Mike Doll
VP, Data
Guitar Center
Michael Doll is the VP of Data for Guitar Center. Mike has over 15 years of experience in data, analytics and strategy, with a track record of building high performing data functions at companies across multiple industries. As the VP of Data at Guitar Center, the nation's largest musical retailer, Mike leads enterprise-wide data strategy across infra, BI, analytics and ML.
Mike attended the University of Chicago where he was an all-conference hurdler, graduating with a degree in Mathematics. Mike also grew up in Chicago and still enjoys rooting for the Sox, Bears & Hawks. He settled in the San Francisco Bay Area in 2010 and lives with his wife and three children. Mike enjoys gardening, chess and poker.
Learn more about the San Francisco CDAO community here.
Give us a brief overview of the path that led to your current role.
I was fortunate at LendingTree, where I started in digital marketing, to encounter two great career mentors who sponsored my move into data and analytics leadership there. Having found my home in data, I pursued opportunities to grow my skills and experience as a senior data leader. That led me to several great years as Udacity's Head of Data, before a sabbatical break and now the chance to lead Guitar Center's efforts at upgrading its data capabilities.
What is one of your guiding leadership principles?
Work ON the team, not "in" the team. A leader's job is to make the whole team better. Whether that is investing in talent, building better operational processes, setting the right priorities or providing the right tools; the leader gets ahead by making everyone else better, not just making an individual contribution to any given project.
For data leaders, I'd add that a key principle is to stay business-centric. We need to match priorities and build successful partnerships with the business that puts our data into action.
What is the greatest challenge data leaders face today, and how are you addressing it?
Fundamentals. While AI and ML is all the buzz, I need to overcome the core challenge of helping the business understand what is happening and why, so that we can make better decisions on what to do about it.
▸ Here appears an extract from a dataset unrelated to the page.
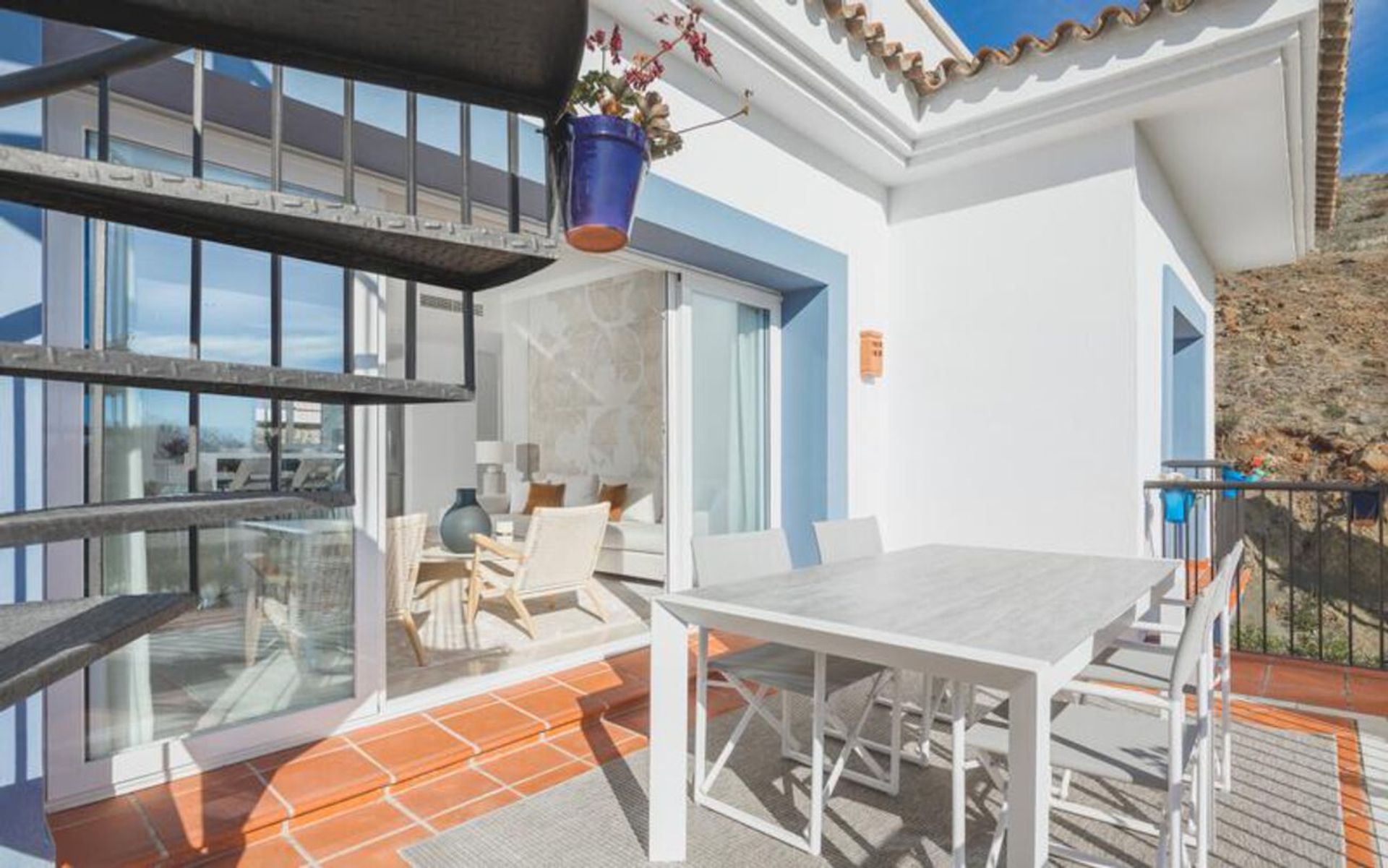 Condominium in Benahavís, Andalucía 10733618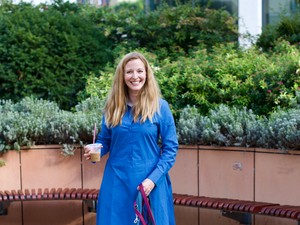 Tökéletesen áll ez a szín Varga Giuliettának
What is the key to success for someone just starting out as a CDAO?
Be a humble yet rapacious learner. Learn about your team, your tools and your processes. Learn about the business and its setups. Learn about your stakeholders and their needs. Only then can you properly adapt your wealth of experience to the next context and drive value.
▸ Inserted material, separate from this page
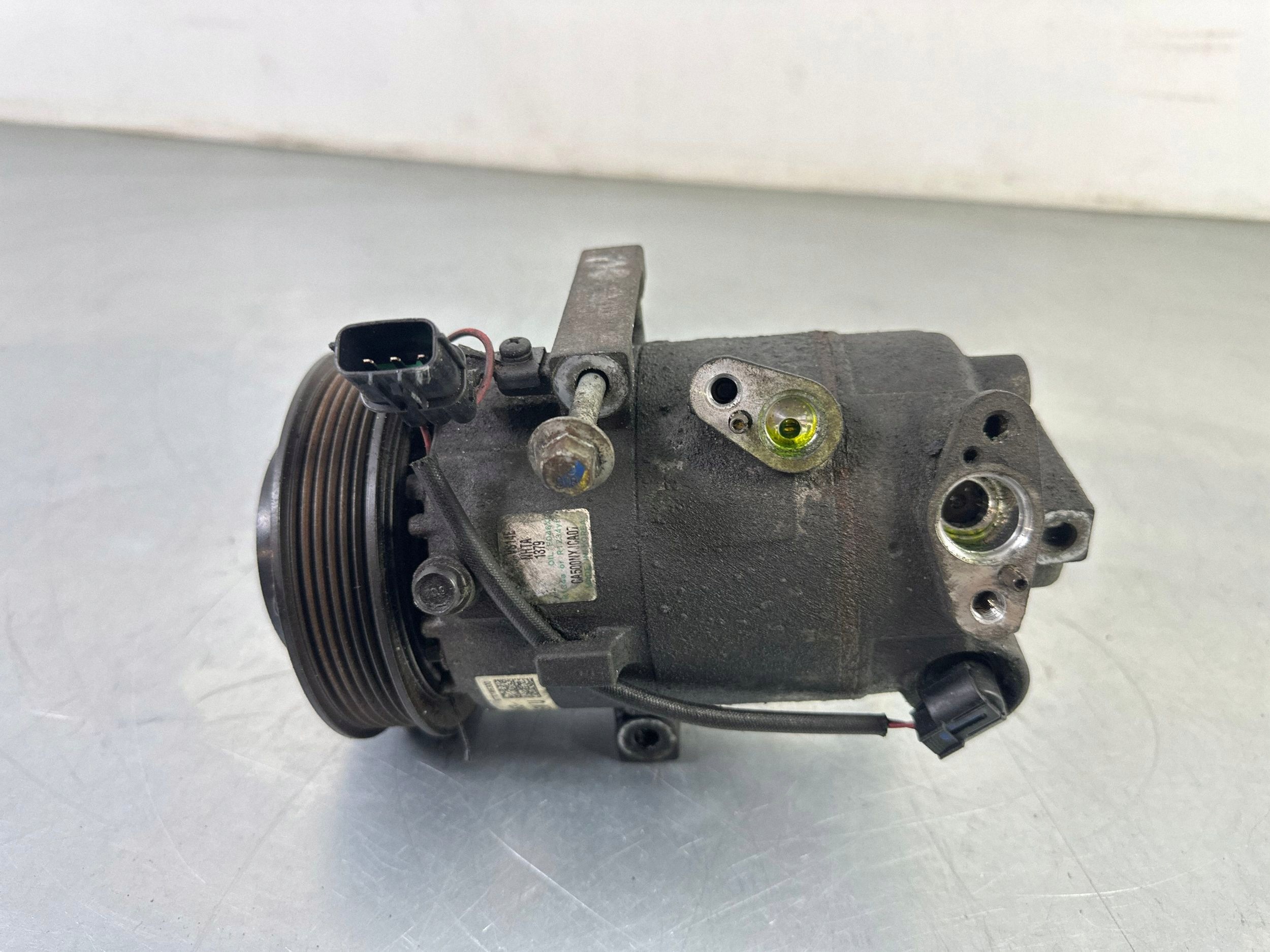 Compresseur de climatisation Hyundai OE 97701M6300 image 3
How do you measure success as a leader?
It differs by dimension. I use a recurring stakeholder survey to measure ongoing CSAT and other KPIs of the success my team drives, second hand across the organization. I look at my team's retention and engagement scores to measure my people leadership success, and I love unsolicited comments as an indicator of success. Finally, I look for the critical business areas and specific projects where my team is a key contributor to reflect our success at driving collaborative business value.